|
Steps in Program Evaluation |
The framework emphasizes six connected steps that together can be used as
a starting point to tailor an evaluation for a particular public health
effort, at a particular point in time. Because the steps are all
interdependent, they might be encountered in a nonlinear sequence; however,
an order exists for fulfilling each — earlier steps provide the foundation
for subsequent progress. Thus, decisions regarding how to execute a step
should not be finalized until previous steps have been thoroughly addressed.
The steps are as follows:
Understanding and adhering to these six steps will allow an understanding
of each program's context (e.g., the program's history, setting, and
organization) and will improve how most evaluations are conceived and
conducted.
Back to Top
Engaging Stakeholders
The evaluation cycle begins by engaging stakeholders (i.e.,
the persons or organizations having an investment in what will be learned
from an evaluation and what will be done with the knowledge). Public health
work involves partnerships; therefore, any assessment of a public health
program requires considering the value systems of the partners. Stakeholders
must be engaged in the inquiry to ensure that their perspectives are
understood. When stakeholders are not engaged, evaluation findings might be
ignored, criticized, or resisted because they do not address the
stakeholders' questions or values. After becoming involved, stakeholders
help to execute the other steps. Identifying and engaging the following
three groups are critical:
-
Those involved in program
operations (e.g., sponsors, collaborators, coalition
partners, funding officials, administrators, managers, and staff)
-
Those served or affected
by the program (e.g., clients, family members,
neighborhood organizations, academic institutions, elected officials,
advocacy groups, professional associations, skeptics, opponents, and staff
of related or competing organizations)
-
Primary users of the
evaluation (e.g., the specific persons who are in a
position to do or decide something regarding the program.) In
practice, primary users will be a subset of all stakeholders identified. A
successful evaluation will designate primary users early in its
development and maintain frequent interaction with them so that the
evaluation addresses their values and satisfies their unique information
needs.
For additional details, see "Engaging
Stakeholders".
Back to Top
Describe
the Program
Program descriptions convey the mission and objectives of the
program being evaluated. Descriptions should be sufficiently detailed to
ensure understanding of program goals and strategies. The description should
discuss the program's capacity to effect change, its stage of development,
and how it fits into the larger organization and community. Program
descriptions set the frame of reference for all subsequent decisions in an
evaluation. The description enables comparisons with similar programs and
facilitates attempts to connect program components to their effects.

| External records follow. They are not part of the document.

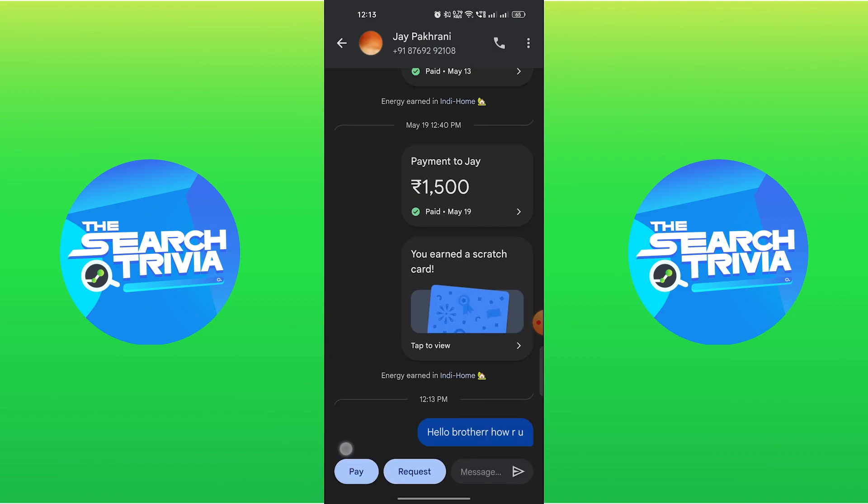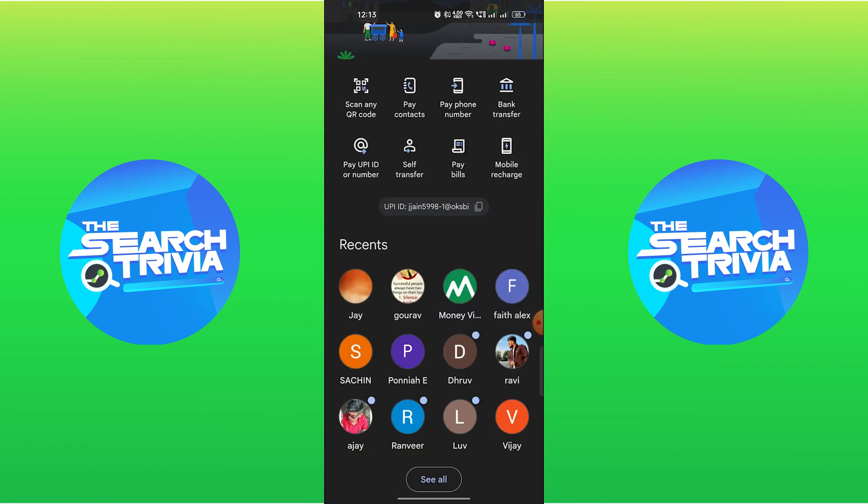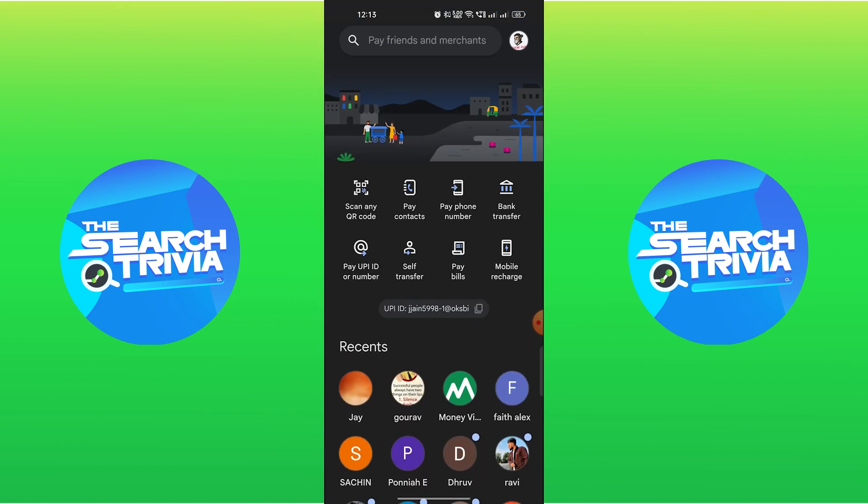From the bottom, select Pay. Doing so will add a memo in Google Pay.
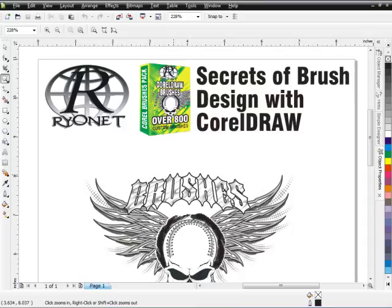Hello and welcome to the Ryanette Secrets of Brush Design with CorelDRAW training series. My name is Tom Knight from AdvancedArtists.com and AdvancedTShirts.com. In this series I'll be taking you through working with brushes in CorelDRAW. Brushes are a very powerful design functionality available in CorelDRAW, and in this series we'll be working with the Ryanette CorelDRAW Brushes Pack, which has over 800 custom developed brushes specifically for CorelDRAW covering a wide range of media assets.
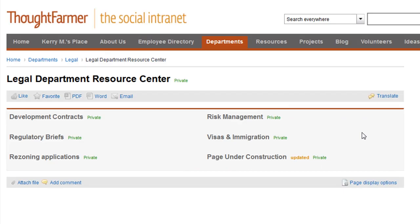Any sub-pages of a private page become private too. Changes to a private page do not trigger email notifications.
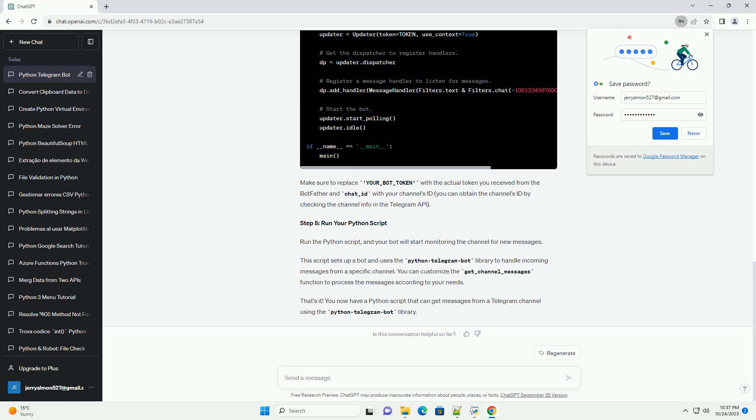Add your bot to the channel by going to the channel settings, selecting administrators, and then adding the bot as an administrator. Step 3: Install the Python Telegram bot library. You can install the library using pip.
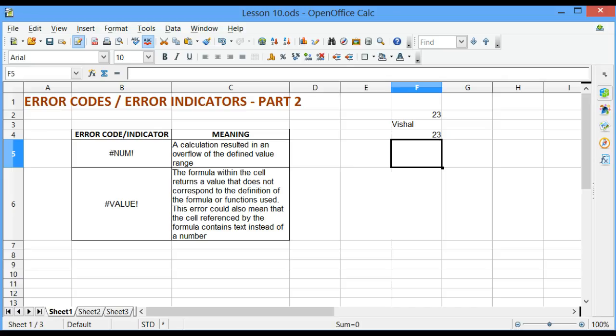In the previous lesson, we discussed 4 error codes, and in this lesson, we are going to discuss 2 more.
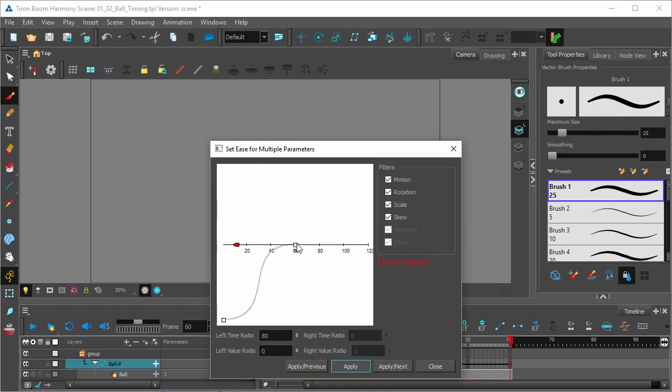And now we can see our entire path here now has this S-curve, which indicates that there is an acceleration and then a deceleration approaching point A, leaving from point A and approaching point B.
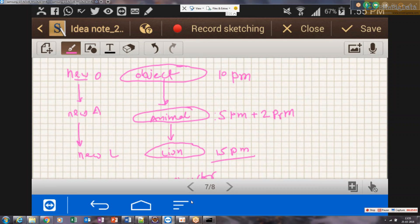This is called constructor chaining. Before creating the object of the last (child) class, all parent class objects must be created first. Even if you don't explicitly define constructors, there must be a no-argument constructor in each of these classes — and the compiler ensures that. So when you write 'Lion lion = new Lion()', internally Object is instantiated first, then Animal, then finally Lion. This is how constructor chaining works in Java's inheritance hierarchy.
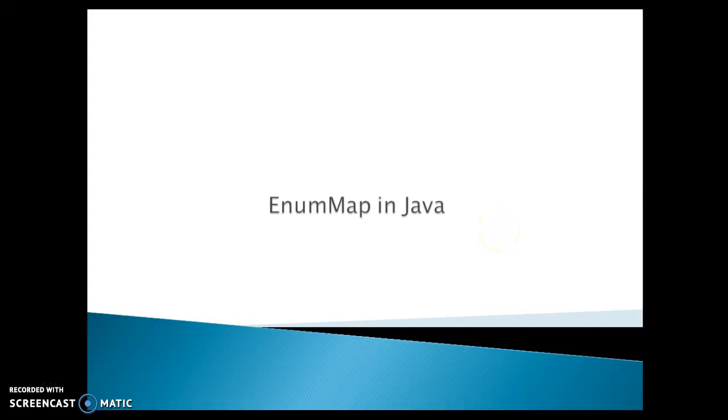Hello friends, Kishan is here again and welcome you in this video tutorial. In this video tutorial, we are going to talk about the EnumMap class in Java.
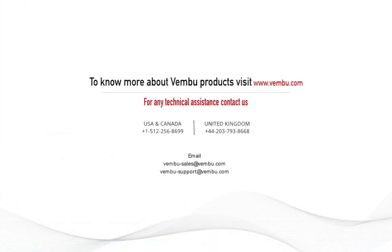Vembu support is available 24/7. You can contact us anytime with the phone numbers and email IDs displayed on the screen. Thanks for watching, and for more such videos stay tuned.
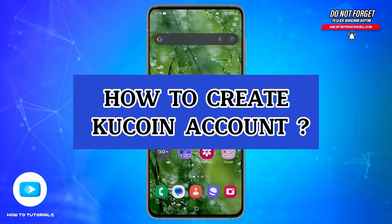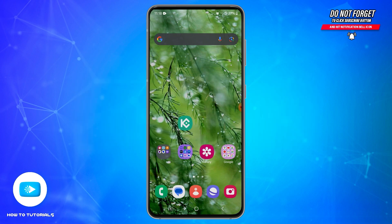Hello and welcome back to our YouTube channel, How-To Tutorials. In today's video, I'm going to show you how you can create a KuCoin account. KuCoin is a prominent cryptocurrency exchange known for its extensive range of trading options and user-friendly features.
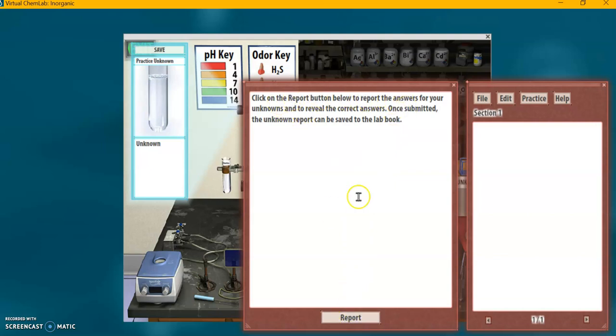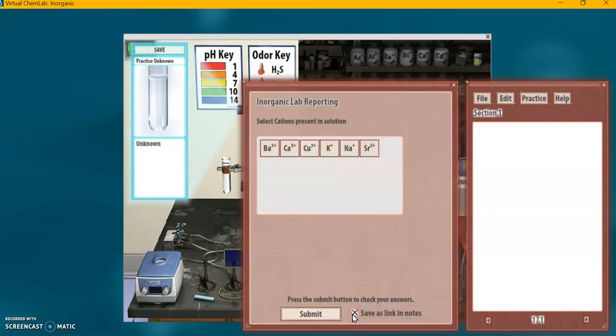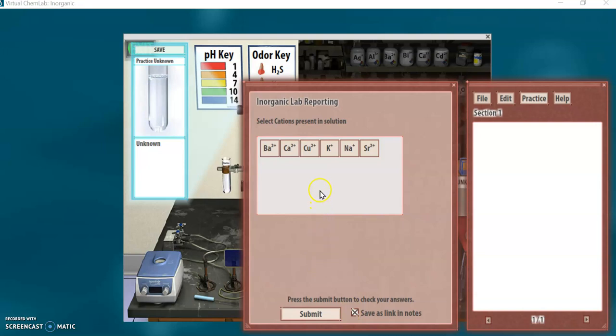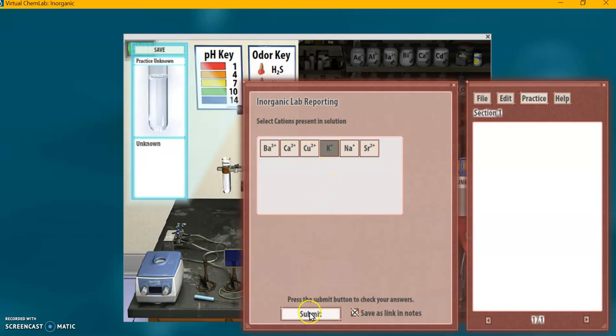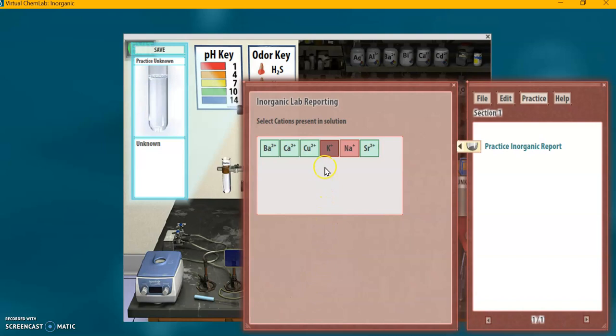This is where we make our educated guess as to which of those six ions was in that unknown test tube. Let's see, I think it was, I'm going to click on the potassium, that's what I think it was. I have no idea if that's right, but let's click submit and see what happens. Oh. Okay, so it looks like I got it wrong. The red ones show what is wrong. It means I did not get the right one.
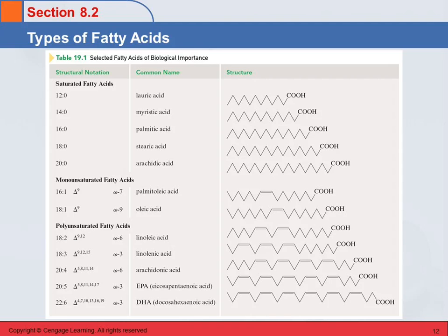You may need to refer to this table frequently for homework problems, but you don't need to memorize it. If you need this information for an exam, I'll give it to you. Personally, I don't remember the formula for stearic acid. You should perhaps recognize the names of these as being fatty acids, but that's good enough.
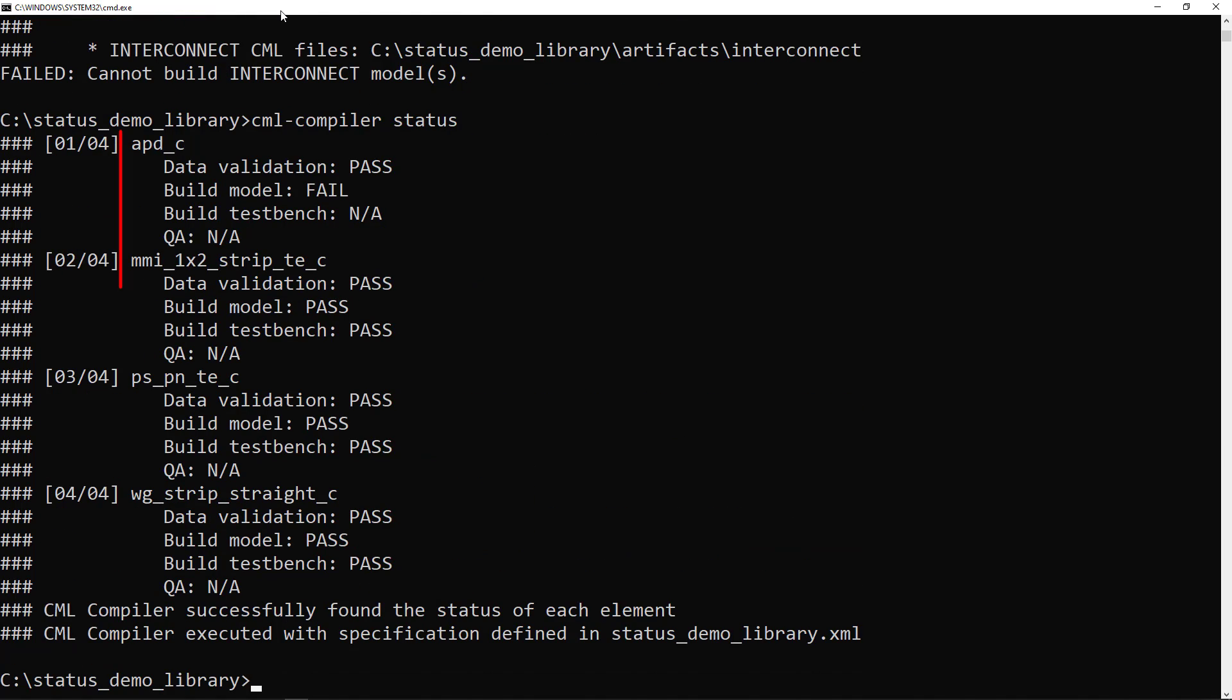The report shows the pass-fail state of the data validation, build model, build test bench, and QA test stages.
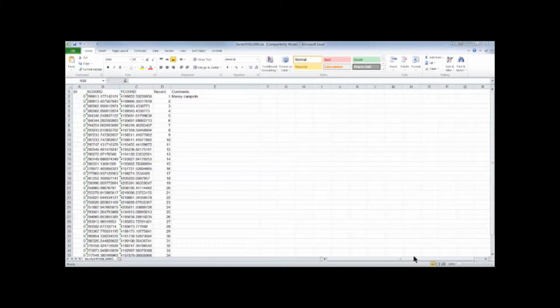In this lesson we're going to look at how to bring in an Excel or a text file into both ArcGIS Explorer Desktop or ArcGIS 10.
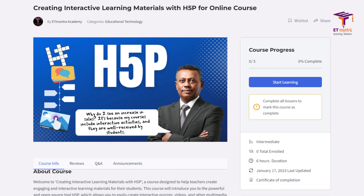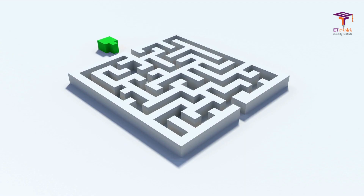Our comprehensive course on H5P will teach you how to use this revolutionary tool to create interactive materials that will engage and motivate your students.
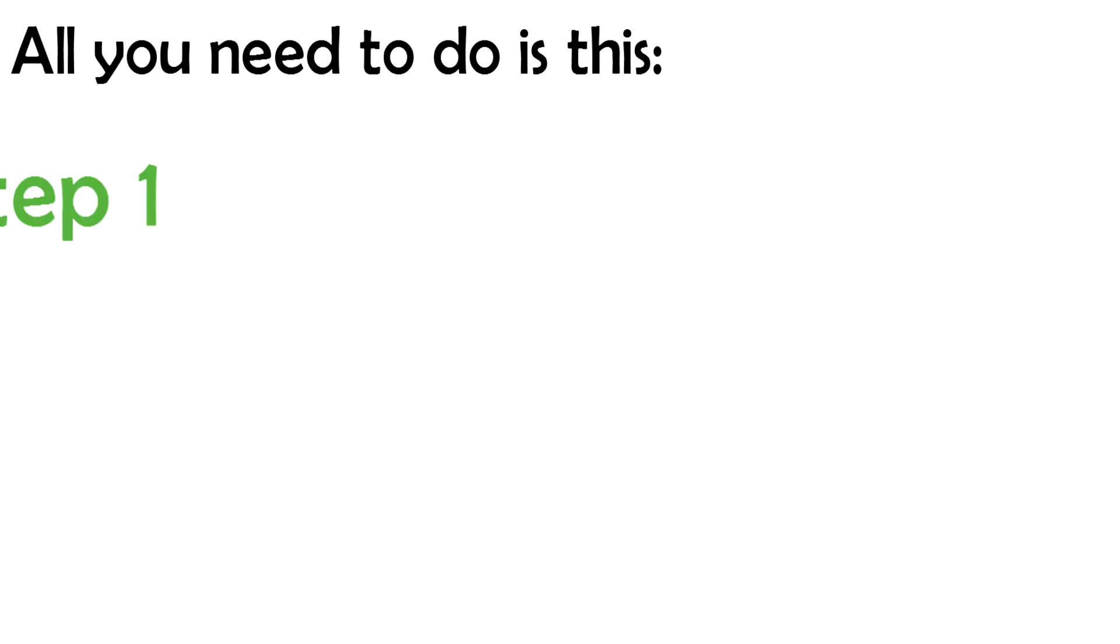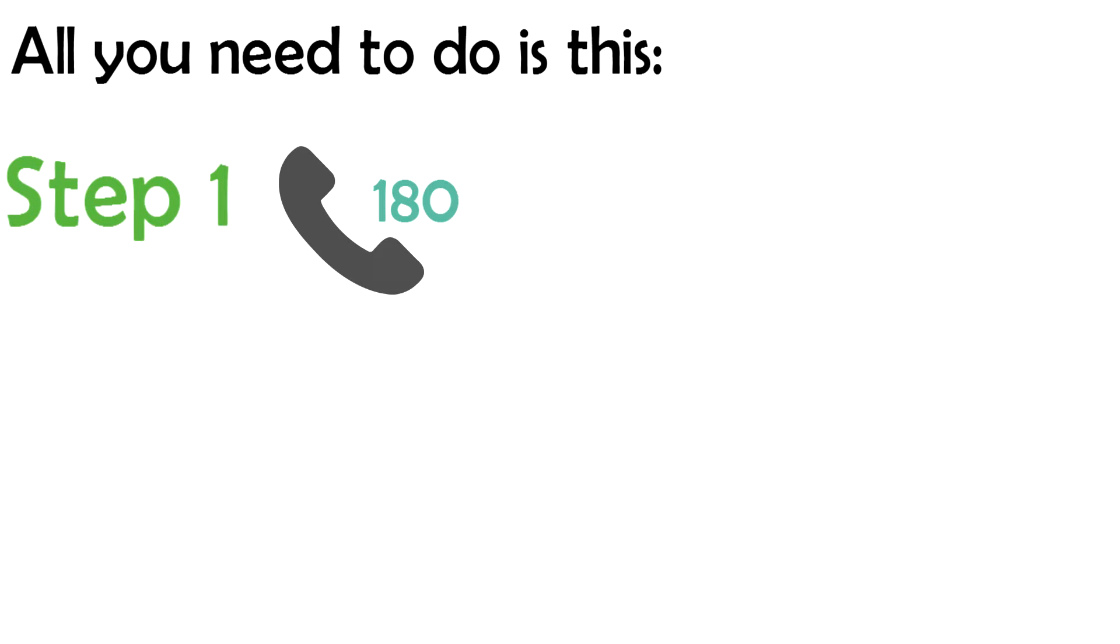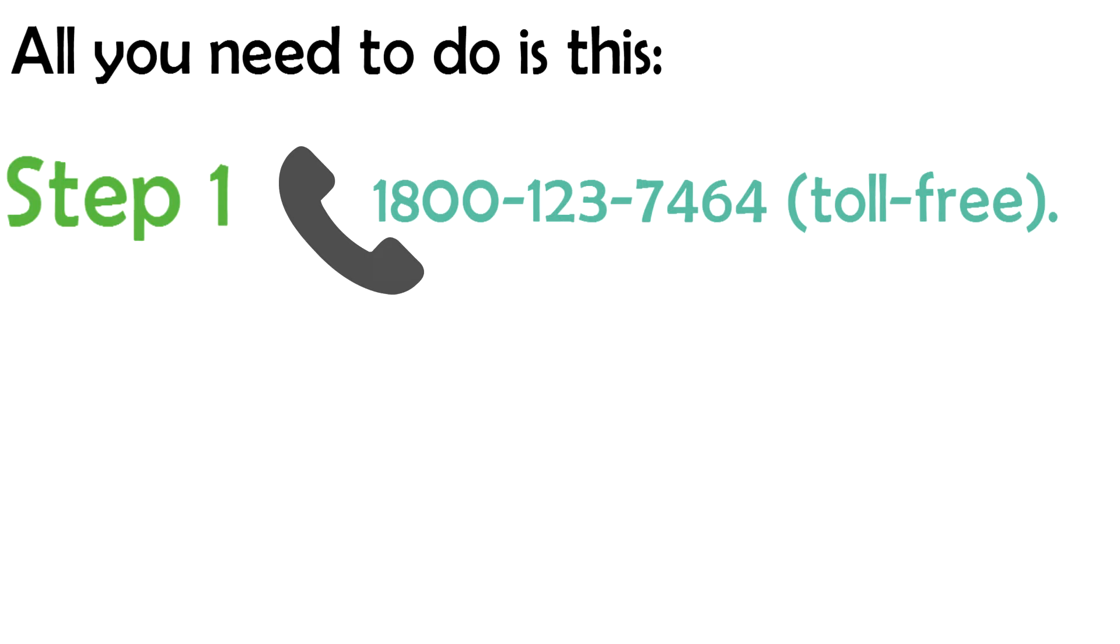All you need to do is this. Step 1, give us a call at 1-800-123-7464, toll free.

Moreover, stakeholders might have differing ideas regarding program goals
and purposes. Evaluations done without agreement on the program definition
are likely to be of limited use. Sometimes, negotiating with stakeholders to
formulate a clear and logical description will bring benefits before data
are available to evaluate program effectiveness. Aspects to include in a
program description are:
Need:
A statement of need describes the problem or
opportunity that the program addresses and implies how the program will
respond.
Expected effects:
Descriptions of expected effects convey what the program must accomplish
to be considered successful.
Activities:
Describing program activities (i.e., what the program does to effect
change) permits specific steps, strategies, or actions to be arrayed in
logical sequence. This demonstrates how each program activity relates to
another and clarifies the program’s hypothesized mechanism or theory of
change
Resources:
Resources include the time, talent,
technology, information, money, and other assets available to
conduct program activities.
Stage of development:
Public health programs mature and change over time; therefore, a program’s
stage of development reflects its maturity. A minimum of three
stages of development must be
recognized: planning, implementation, and effects.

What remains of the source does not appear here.